Monterrey, MX
Juan Miguel Pozo-Cruz was born in Cuba in 1967 and moved to Berlin in 2003. Unlike many artist and intellectual Cubans of the first post-revolution generation who left during the economic crisis of the 1980s, Pozo lived through the tragedy of what the Cuban government called “The Special Period” when the most utopian of promises mutated into over a decade of extreme adversity.
Since moving to Berlin, the city has naturally become integrated into his work. There are profound crossovers between Berlin and Havana: each city is composed of layers of history that are simultaneously buried and exposed and each experienced the devastations of revolutionary hope. For Pozo, both Havana and Berlin are infused with tragedy.

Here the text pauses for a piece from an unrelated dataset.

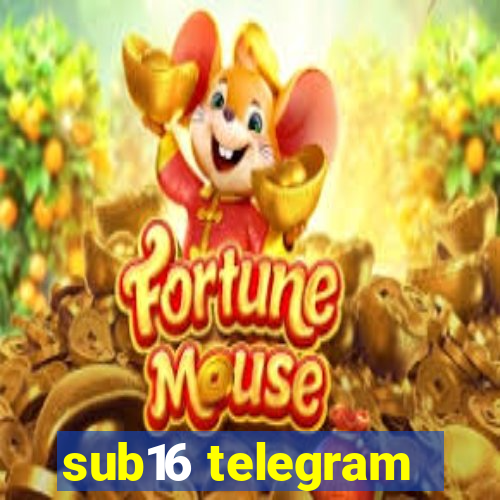 sub16 telegram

Pozo’s main fascination is with the past, with the passing of time washing over the landscape of a cultural psyche along with its formative contentions of history. It is through the marks of struggle, opposition, strife and conquest that a history comes to be and how Pozo’s paintings are created. He builds an aesthetic that appears to be growing old and disappearing before our eyes; at the same time as being fraught with the abrasions of a struggle to exist. Pozo expresses how “submitting the canvas to the violence of wear and tear is essential. You cannot speak of ruin without transmitting the idea of the ruin.”

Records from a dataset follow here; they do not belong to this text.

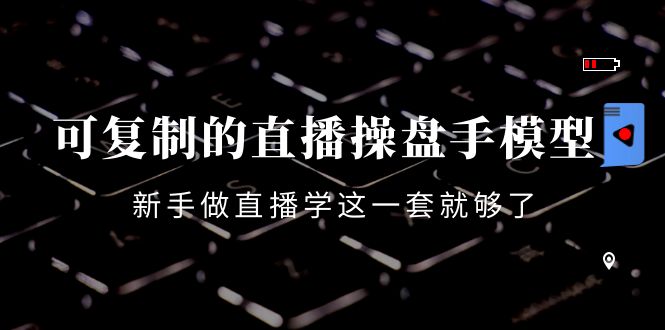 可复制的直播操盘手模型：新手做直播就学这一套就够了（12节课）-一起网赚吧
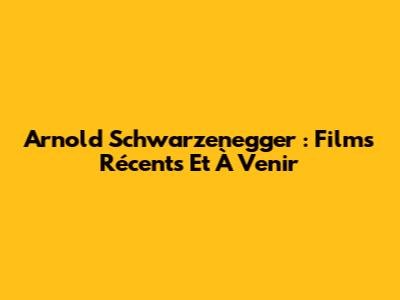 Arnold Schwarzenegger : Films Récents Et À Venir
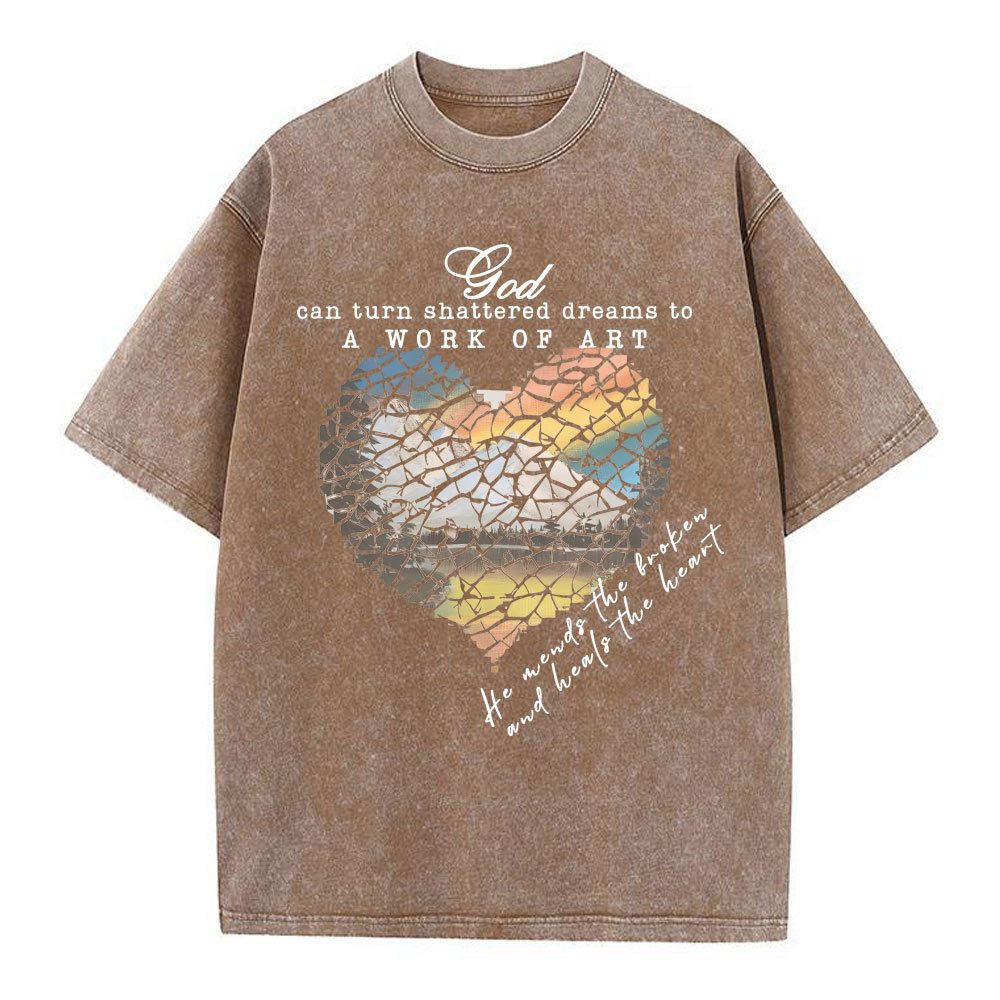 God Can Turn Shattered Dreams To A Work Of Art Christian Washed T-Shirt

In 2017, Pozo began his first body of work that deals directly with Cuba since 2003. The project is inspired by the title of Jean Paul Sartre’s publication on the Cuban revolution, “Hurricane over Sugar.” An exhibition by the same name was exhibited at Galería de Art y Proyecto Cultural in Havana in 2017. Pozo explains how:
The phrase addresses a threatening presence that everyone waits for without really knowing what dimensions it will take. It alludes to something that goes by, but especially to what it leaves behind when it goes by: the threat of returning and the challenge to survive it. I think that the hurricane works well as a metaphor for Cuban history.